Thursday, August 14, 2014
My, oh my! 38 long weeks. 38 weeks that went by in a flash. Baby Boy is full term - and deciding to cook some more. It seems like these last few weeks have equally flown by and dragged on. I think back to the aches and pains I was having just five weeks ago and laugh. Back then I could stand up and sit down without wincing. It was hard to get shoes on, but I could do it. My feet were swollen but they weren't aching too. My hips didn't throb if I laid on my side in bed. Changing positions in my sleep was uncomfortable, but not impossible to do without waking up completely.
I know that everything I am feeling right now is short lived. There's only 12 days til our due date. Maybe he'll be here sooner, maybe a little later. We aren't too sure. We can't know ahead. That's part of the big surprise, I suppose. It's hard to not get excited and hopeful that maybe I'll be able to hold this little guy sooner rather than later, even though I know that he'll be here when he's ready.
I'm still living for these little kicks. They aren't as strong any more in his cramped quarters, but I love those little reminders that this time is just for him and me and I like to think he's letting me know he's still in there waiting to meet us too.
At 38 weeks daily tasks are harder and harder to finish. Dishes have to get done while I hunch over the sink resting on my elbows. But they get done. At 38 weeks it's (almost) impossible to but on tennis shoes without help. But I have help. At 38 weeks (especially in the middle of August) walking around the neighborhood (apparently) means shuffling around the neighborhood instead, and doing it only as the sun is setting because it's just too darn hot. But we still go walking. 38 weeks means we're enjoying our time together at 2 and basking in the quiet of the house for now. But it also means being really excited to become 3 and having another voice make some noise around here.
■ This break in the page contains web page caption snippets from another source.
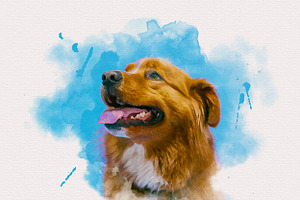 Pet Watercolor Effect Photoshop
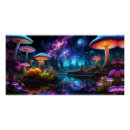 Search for bioluminescent art Mushrooms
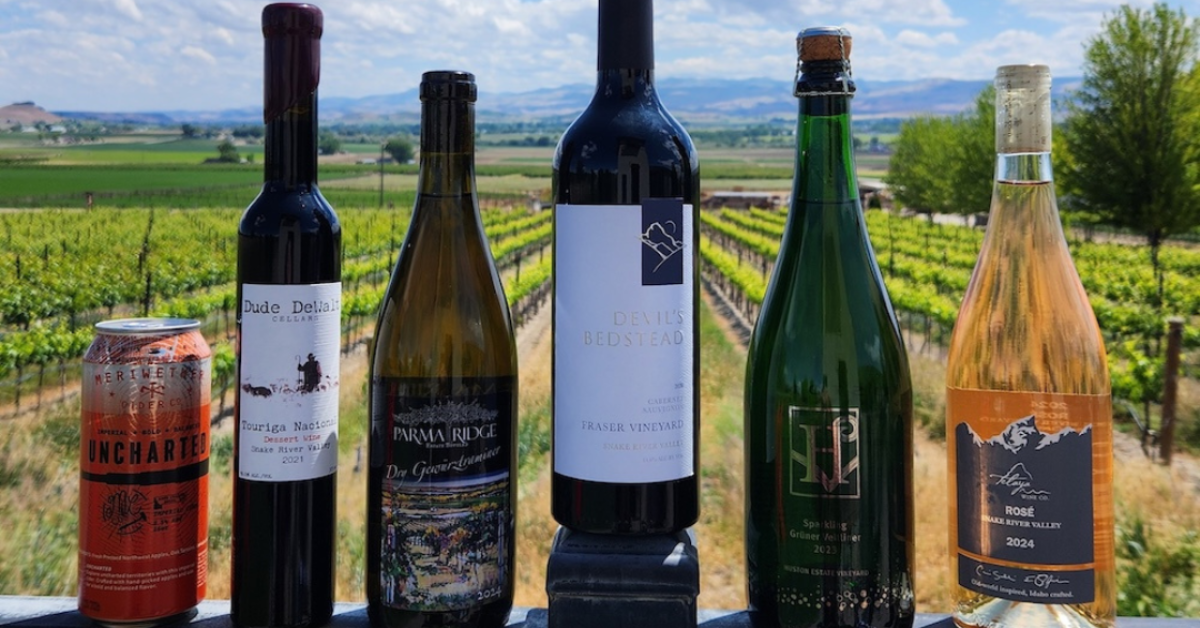 2025 Wine & Cider award winning wine bottles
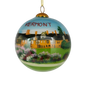 Hand Painted Glass Globe Ornament - The Inn At Shelburne Farms
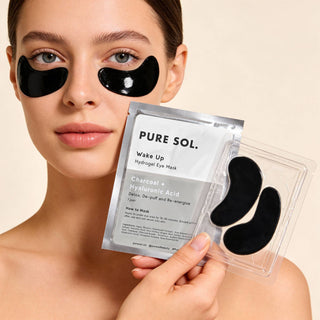 Wake Up Charcoal + Hyaluronic Acid Eye Mask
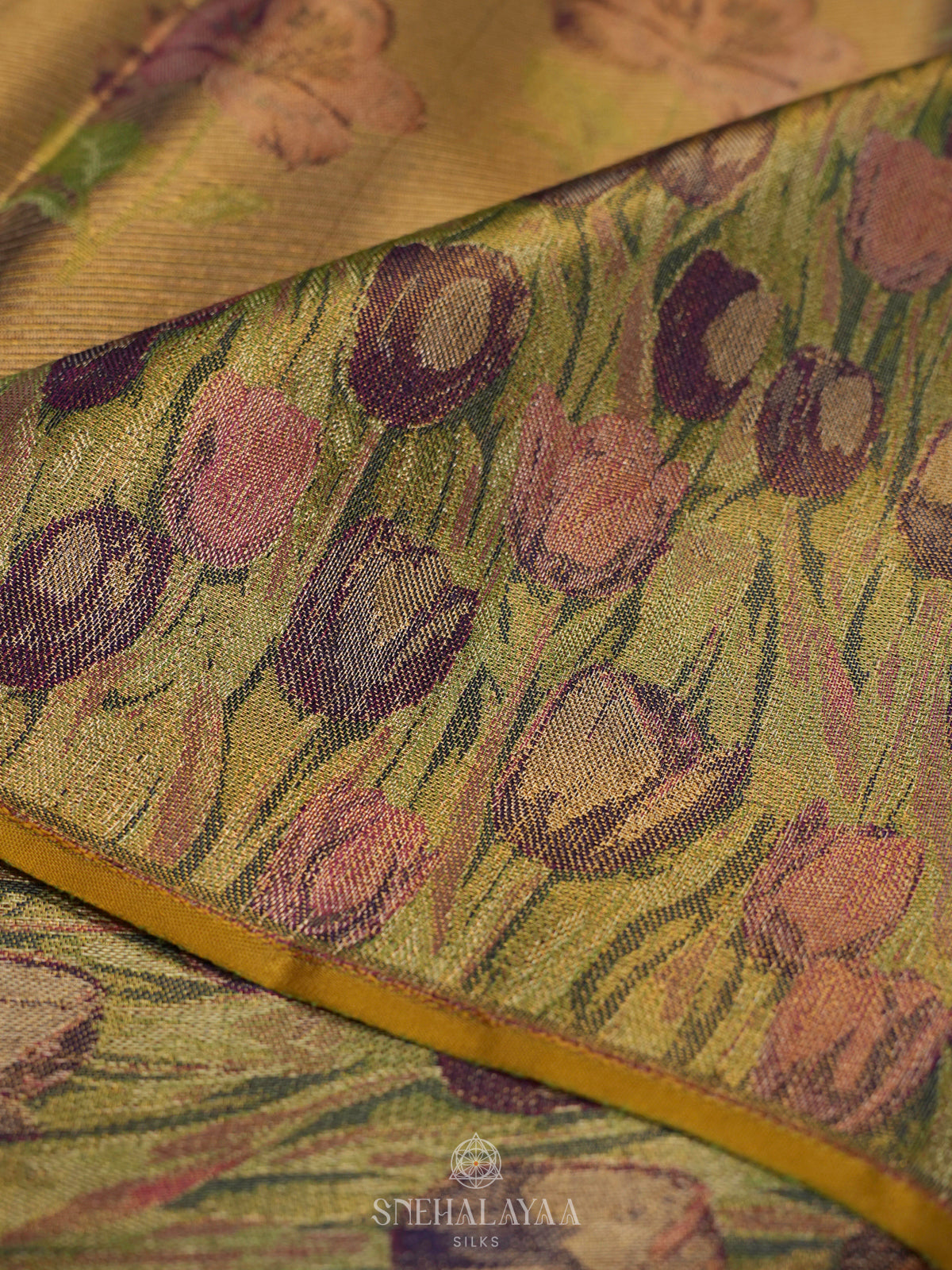 Green Kanjivaram Silk Saree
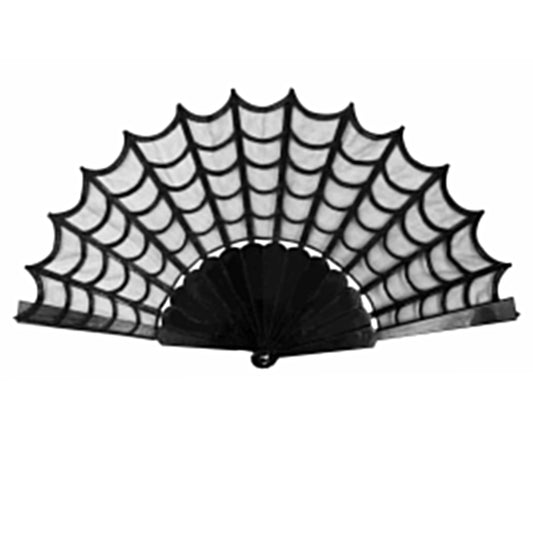 Schwarzer Gothic-Fächer
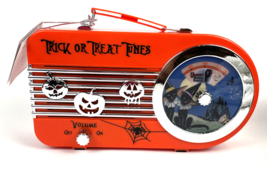 Mr Halloween Trick or Treat Tunes Radio Animated Orange Pumpkins Witch S... - $37.00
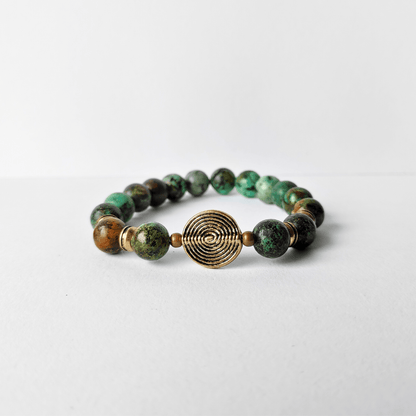 Growth and Change African turquoise bracelet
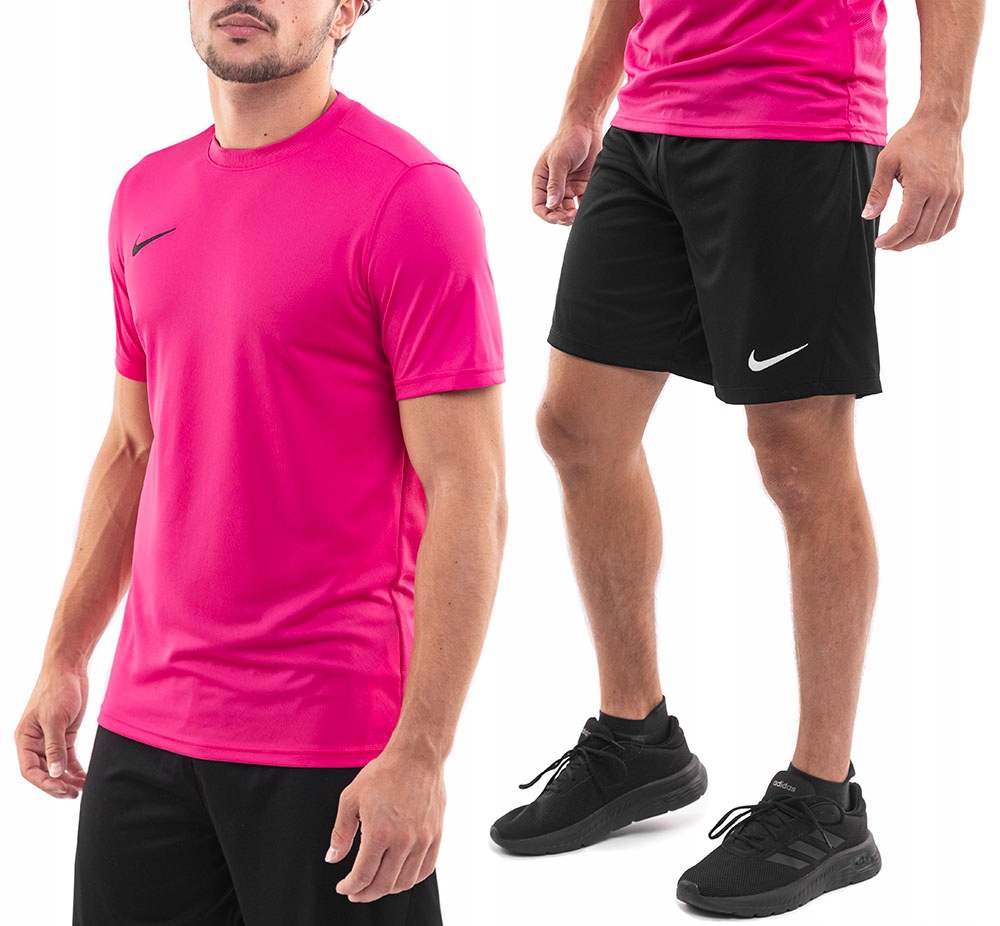 Sportovní oblečení Nike Dry Park Pánský komplet Pohodlné tričko Kraťasy vel. XL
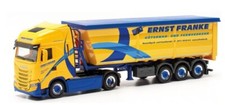 HERPA - Camion avec benne bâchée 3 essieux ERNST FRANKE - IVECO S-Way 4x2 - 1...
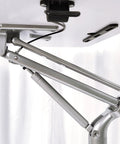 Legit Sturdy Height Adjustable Laptop Desk With Quick Pneumatic Lift arm detail, showcasing smooth mechanism for seamless sit stand setup.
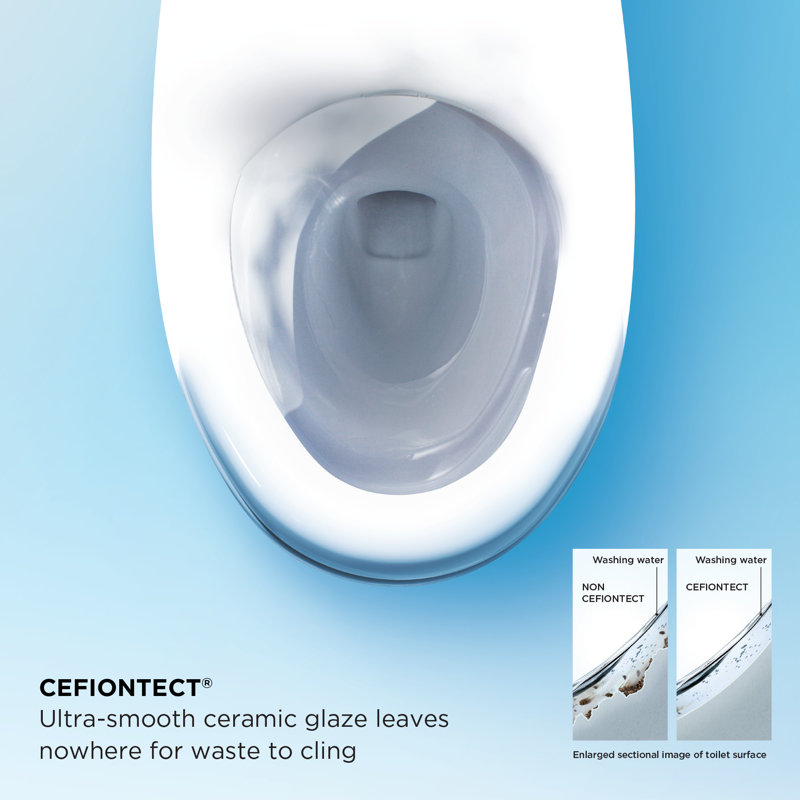 Drake® Dual-Flush Elongated Two-Piece toilet (Seat Included), 10"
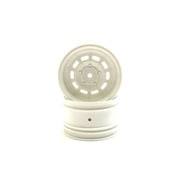 LAH002W LAZER SB 2.2インチ用 10穴ホイール リア ホワイト 2個入 [ラジコン用パーツ]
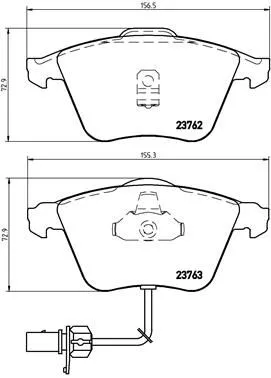 ABS Brake Pad Set, disc brake (P 85 056)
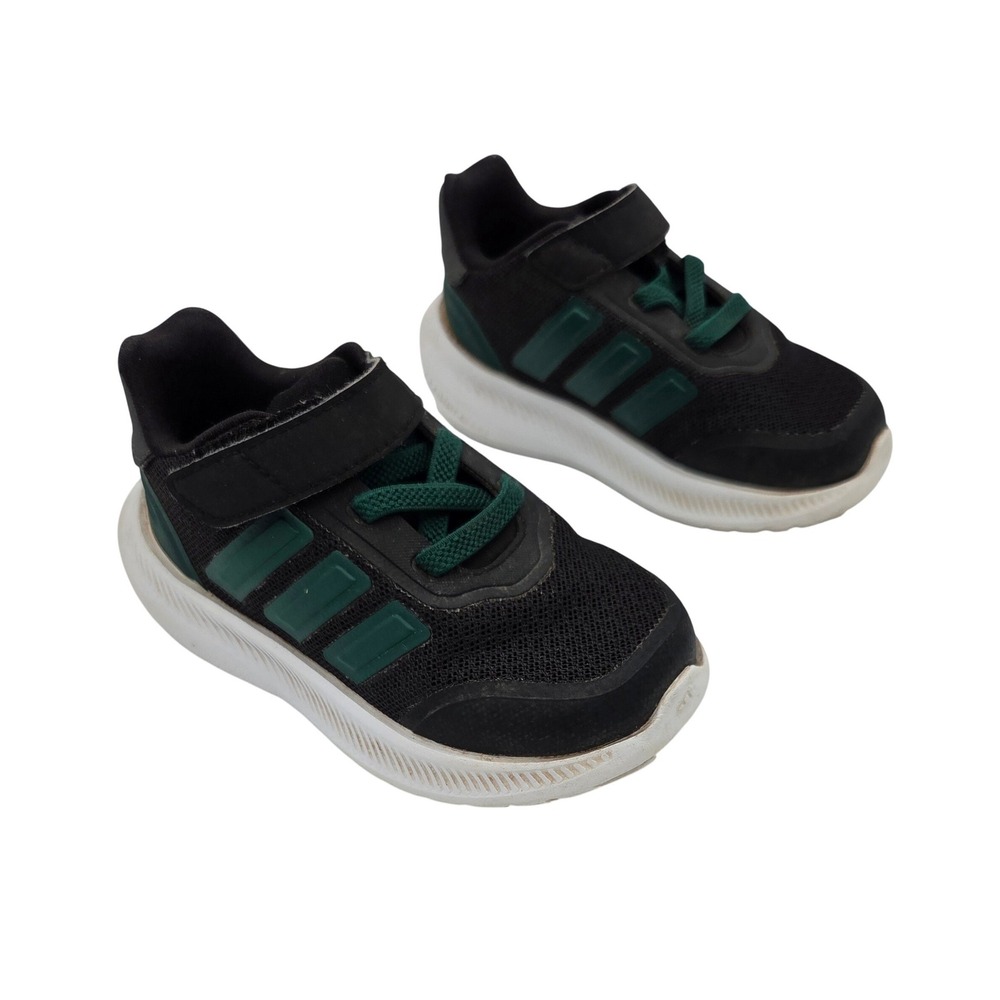 Adidas X PLRPATH EL I Kids Sneakers Black Green Cloudfoam 6K JQ1949 Sample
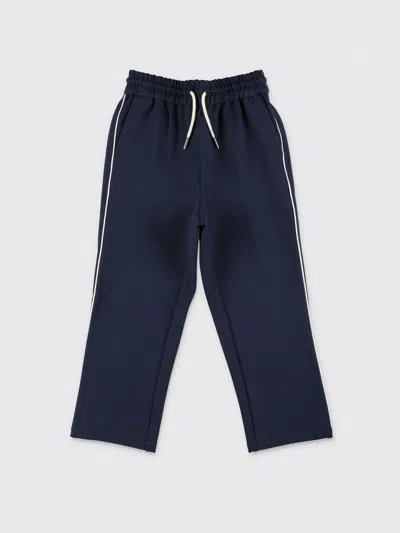 Bonpoint Kids'  Jemia Girls Pants With Side Stripes In Blue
38 weeks also means realizing just how much you are loved. We have family and friends surrounding us, calling us, checking in on us, coming over to just pass the time and visit while we're still just 2. It means appreciating everything that E does and has been doing for me these last 38+ weeks, and knowing that he's going to be the most amazing dad. It means having your heart swell with emotions so much that you get teary watching a post-it commercial, and want to bawl every time someone calls or says something sweet and encouraging to you. It's a roller coaster, to be really cliche about it.
But these 38 weeks have been amazing. I've grown physically, mentally, emotionally, spiritually, and this is just the beginning.
Baby boy, we're ready to meet you - ready when you are and so excited for all the growing and learning and adventures that are yet to come.